Second, plaintiff asserts that Charles Adams, General Superintendent in the Division of Car Equipment of the Department of Subways of the defendant, provided false statements during discovery that were "never addressed." (Pl. Obj. ¶ 2.) Plaintiff, however, fails to identify in his objection which statements by Mr. Adams are allegedly false. In his opposition to defendant's motion for summary judgment, plaintiff stated that Mr. Adams lied when he said "there were two 'Russian Jewish people' sitting outside his office" in or around July 2009 when Mr. Adams and plaintiff had a discussion regarding plaintiff's request for a religious accommodation. (See ECF No. 32, Plaintiff's Affidavit/Affirmation in Opposition to Defendant's Motion ("Pl. Opp'n") at 4; ECF No. 34-29, Responses to Deposition by Written Questions of Charles Adams ("Adams Dep. Resp.") at 2.) Additionally, plaintiff alleged in his opposition that Mr. Adams lied when he did not recall or denied telling plaintiff during the July 2009 discussion that plaintiff (1) "can't do his job," (2) has "no idea how Transit is run," (3) should "get out of [Mr. Adams'] office before [plaintiff] gets in trouble," and (4) that Mr. Adams "did not want to hear about [plaintiff's] religion." (Pl. Opp'n at 4; Adams Dep. Resp. at 2.) Even if these allegations of false statements by Mr. Adams are true, the court agrees with the defendant that these statements are immaterial to the findings and recommendations of the R&R. (See Def. Resp. at 8.) Indeed, it does not appear that Magistrate Judge Bloom considered any of Mr. Adams' statements or the July 2009 discussion between plaintiff and Mr. Adams in recommending that the court grant defendant's motion for summary judgment. Accordingly, because plaintiff's allegations of false statements by Mr. Adams are not material and have no bearing on Magistrate Judge Bloom's findings and recommendations, this objection is meritless.

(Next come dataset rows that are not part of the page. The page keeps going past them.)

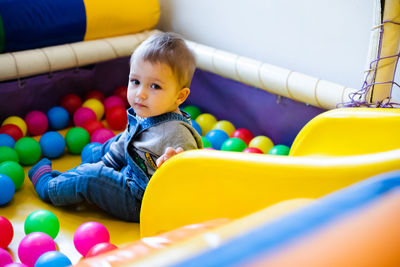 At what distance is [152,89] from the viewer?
1.29m

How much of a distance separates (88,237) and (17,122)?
2.59 ft

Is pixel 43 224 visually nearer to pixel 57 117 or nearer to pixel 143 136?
pixel 143 136

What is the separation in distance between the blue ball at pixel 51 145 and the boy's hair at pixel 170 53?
569 mm

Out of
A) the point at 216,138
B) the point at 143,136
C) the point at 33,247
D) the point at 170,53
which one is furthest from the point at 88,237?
the point at 216,138

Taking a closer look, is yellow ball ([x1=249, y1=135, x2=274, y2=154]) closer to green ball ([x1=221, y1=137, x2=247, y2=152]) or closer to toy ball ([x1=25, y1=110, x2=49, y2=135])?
green ball ([x1=221, y1=137, x2=247, y2=152])

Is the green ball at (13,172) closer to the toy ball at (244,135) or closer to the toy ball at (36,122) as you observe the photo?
the toy ball at (36,122)

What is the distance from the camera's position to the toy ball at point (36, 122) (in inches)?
71.7

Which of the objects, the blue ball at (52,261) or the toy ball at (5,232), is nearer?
the blue ball at (52,261)

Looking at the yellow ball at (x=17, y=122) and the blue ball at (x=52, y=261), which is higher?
the blue ball at (x=52, y=261)

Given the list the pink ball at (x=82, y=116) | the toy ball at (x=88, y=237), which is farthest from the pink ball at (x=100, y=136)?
the toy ball at (x=88, y=237)

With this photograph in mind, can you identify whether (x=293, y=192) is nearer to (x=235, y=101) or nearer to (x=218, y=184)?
(x=218, y=184)

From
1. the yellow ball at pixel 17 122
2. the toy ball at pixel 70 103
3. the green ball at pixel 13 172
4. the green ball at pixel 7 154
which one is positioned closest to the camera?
the green ball at pixel 13 172

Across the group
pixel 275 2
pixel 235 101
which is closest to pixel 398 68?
pixel 275 2

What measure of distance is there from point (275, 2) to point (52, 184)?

Finally, plaintiff states that the Equal Employment Opportunity Commission ("EEOC") recently contacted him "concerning the latest charge against my employer" and that the EEOC is conducting an investigation and "will soon furnish a reply." (Pl. Obj. ¶ 3.) Defendant attached to its response a "Notice of Charge of Discrimination" dated June 1, 2012 that it received regarding a new charge of discrimination filed by the plaintiff (see Def. Resp. at 8), which is presumably the same charge of discrimination referenced by plaintiff in his objection and also in his letter to the court dated May 24, 2012 (see ECF No. 39, Plaintiff's letter dated May 24, 2012). As correctly stated by Magistrate Judge Bloom, however, any new allegations of discrimination that are currently under investigation by the EEOC are not the subject of plaintiff's complaint in this case and plaintiff has not requested to amend his complaint to address these allegations. (R&R at 8.) The court overrules plaintiff's objection to the R&R on this ground because these new allegations of discrimination are not before the court and are immaterial to the findings and conclusions of the R&R.*fn1

Plaintiff's conclusory, untimely, and groundless objections do not warrant a de novo review of the R&R. Instead, the court reviews the R&R for clear error. Upon a close review of the R&R, the record before the court, and the relevant case law, the court finds no clear error in Magistrate Judge Bloom's thorough and well-reasoned Report and Recommendation and hereby affirms and adopts the R&R as the opinion of the court. In any event, even if plaintiff did make specific and timely written objections to the R&R, the court finds that it would have reached the same result with a de novo review of the R&R.


For the reasons set forth above and in Magistrate Judge Bloom's Report and Recommendation, the court grants defendant's motion for summary judgment in its entirety. The Clerk of the Court is respectfully requested to enter judgment in favor of the defendant and against the plaintiff in accordance with this decision and to close this case. Additionally, the Clerk of the Court is respectfully requested to ...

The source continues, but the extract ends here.